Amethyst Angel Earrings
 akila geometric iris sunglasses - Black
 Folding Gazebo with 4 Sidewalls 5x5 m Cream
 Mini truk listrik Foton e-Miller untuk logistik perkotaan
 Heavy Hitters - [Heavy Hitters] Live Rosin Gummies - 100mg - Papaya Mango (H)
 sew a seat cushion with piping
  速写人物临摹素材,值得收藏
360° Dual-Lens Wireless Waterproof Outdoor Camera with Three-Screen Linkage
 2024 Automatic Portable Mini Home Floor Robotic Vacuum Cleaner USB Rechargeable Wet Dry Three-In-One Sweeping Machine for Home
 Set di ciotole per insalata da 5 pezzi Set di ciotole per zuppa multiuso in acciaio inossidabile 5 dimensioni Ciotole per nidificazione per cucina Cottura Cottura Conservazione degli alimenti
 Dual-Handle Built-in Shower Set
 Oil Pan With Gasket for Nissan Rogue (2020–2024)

^^^^

Please retype the data exactly as it stands, from its first line down to the line that contains "2024 Automatic Portable", then stop.

# [ANSWER AREA]
Amethyst Angel Earrings
 akila geometric iris sunglasses - Black
 Folding Gazebo with 4 Sidewalls 5x5 m Cream
 Mini truk listrik Foton e-Miller untuk logistik perkotaan
 Heavy Hitters - [Heavy Hitters] Live Rosin Gummies - 100mg - Papaya Mango (H)
 sew a seat cushion with piping
  速写人物临摹素材,值得收藏
360° Dual-Lens Wireless Waterproof Outdoor Camera with Three-Screen Linkage
 2024 Automatic Portable Mini Home Floor Robotic Vacuum Cleaner USB Rechargeable Wet Dry Three-In-One Sweeping Machine for Home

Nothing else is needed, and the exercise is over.